Let me tell you a bit about my childhood.
I grew up in an interesting place, in an interesting time. My (relatively) small town was about an hour outside of San Jose — just close enough to the glowing core of Silicon Valley as to feel its warmth, but far enough that you always wondered if you were actually a part of it. If Cupertino is the heart, we were its appendix. For every tech millionaire who chose my town as their escape, there were two nth-generation locals with calluses for hands and sweat for blood. It made for an interesting crowd.

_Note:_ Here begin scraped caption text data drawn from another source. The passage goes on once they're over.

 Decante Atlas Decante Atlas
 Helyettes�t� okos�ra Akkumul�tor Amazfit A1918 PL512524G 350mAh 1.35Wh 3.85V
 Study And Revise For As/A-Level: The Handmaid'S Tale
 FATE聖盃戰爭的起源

By the time I hit gradeschool (’92 or so?[Cue jabs at my age]), computers were by no means rare in my area. While they still weren’t nearly as ubiquitous as they are today, I was lucky enough to be coming in just as the late 80′s explosion of computers into education had begun to pay off. Most (but not all) classrooms had one, and the teachers knew how to use them (with the vast majority happily embracing them). By second grade, computers were deeply intertwined into our curriculum.

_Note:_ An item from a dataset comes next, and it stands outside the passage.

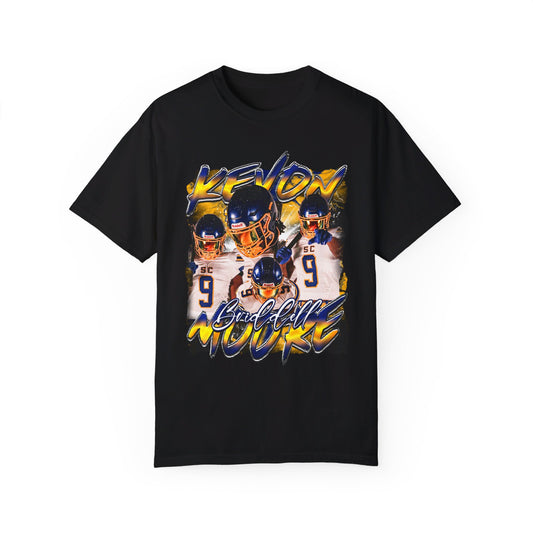 Kevon Moore Heavy Cotton Tee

And thank heavens for that. That immersion into technology is a driving factor for who I am today. The early typing classes turned me into a key-pounding monster (I was unknowingly being polished for this very job.) The BASIC programming classes that came later were the foundation for the programming and web design work I did to avoid getting a real job in High school, and the early introduction to technology acted as a spark for my still-burning desire to learn as much about it as I possibly can. I consider myself a part of the first generation born and raised with keyboard in tow, and I love it.
Now, what does all of this have to with Matt’s post?

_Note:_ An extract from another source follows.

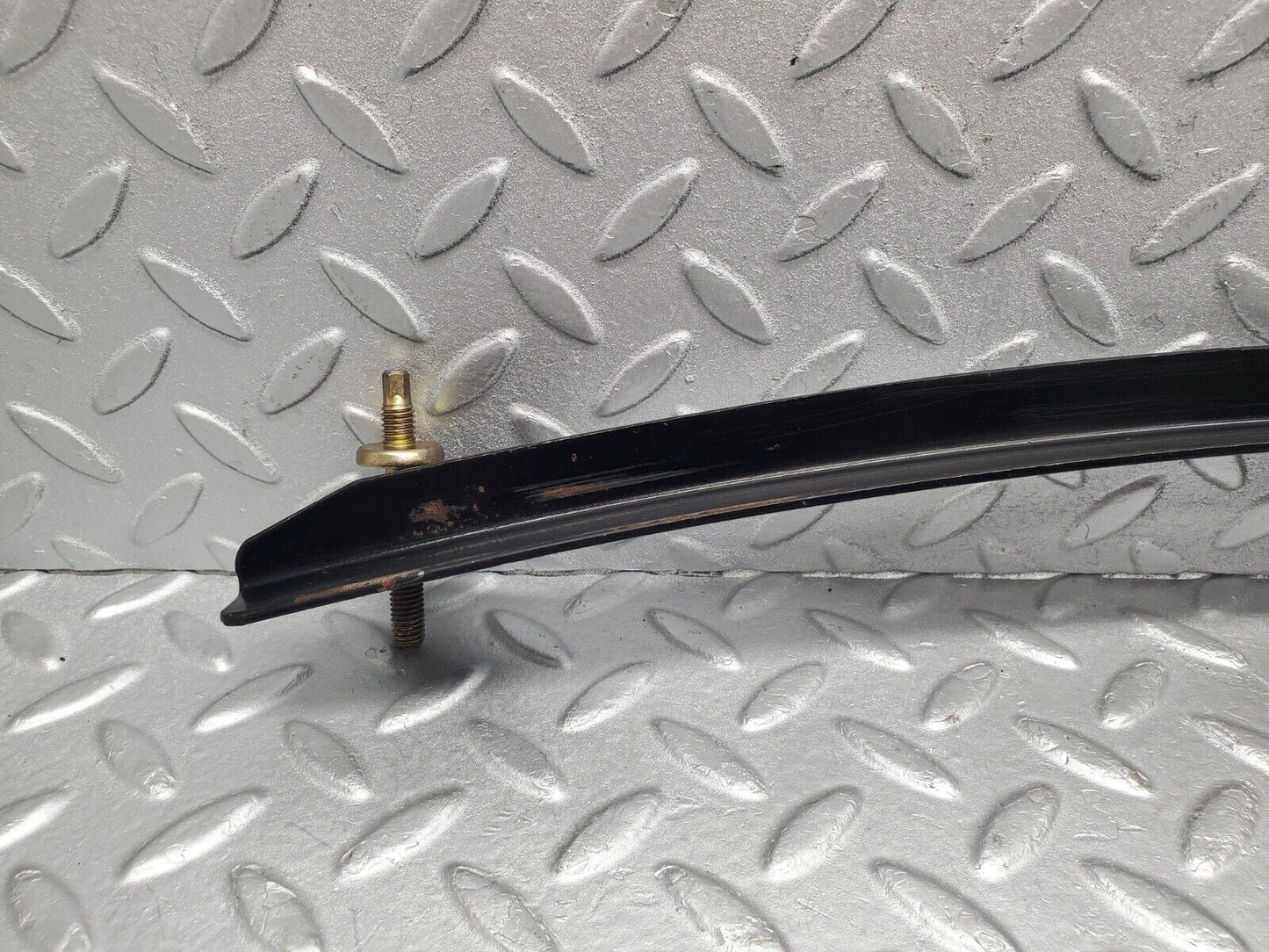 46764 Mercedes-Benz R129 320SL Coupe Front Left Window Channel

Even in my little town located but a stones throw from the core, there was some resistance to letting computers make their way into schools. In the build up to the aforementioned educational computer explosion, naysayers were asking many of the same questions that Matt asks in his post, and that I see being asked in the comments down below it.
“What if it becomes a crutch? I want my kids to know how to actually do math, not push buttons.”
This is a matter of curriculum, not the tools used. If a kid leaves knowing how to solve a math problem (or whatever challenge) using a calculator (or in this case, iPad) but turns to stone when the calculator is taken away, it’s because something in the teaching process was broken, not because the calculator was introduced.
That’s not to pretend that I’m some sort of math wiz regardless of my computer-heavy upbringing — quite the contrary, in fact, and that’s part of the reason I’m comfortable waxing on about this topic.
With a connected device in hand, I am a demigod. With a universe of knowledge at my fingertips, I am all-knowing. 37th President of the US? boop boop boop Nixon! Math problems? More like math LOL–BREMS. Bear attack? Don’t sweat it guys: If we’ve got signal, I’ve got this.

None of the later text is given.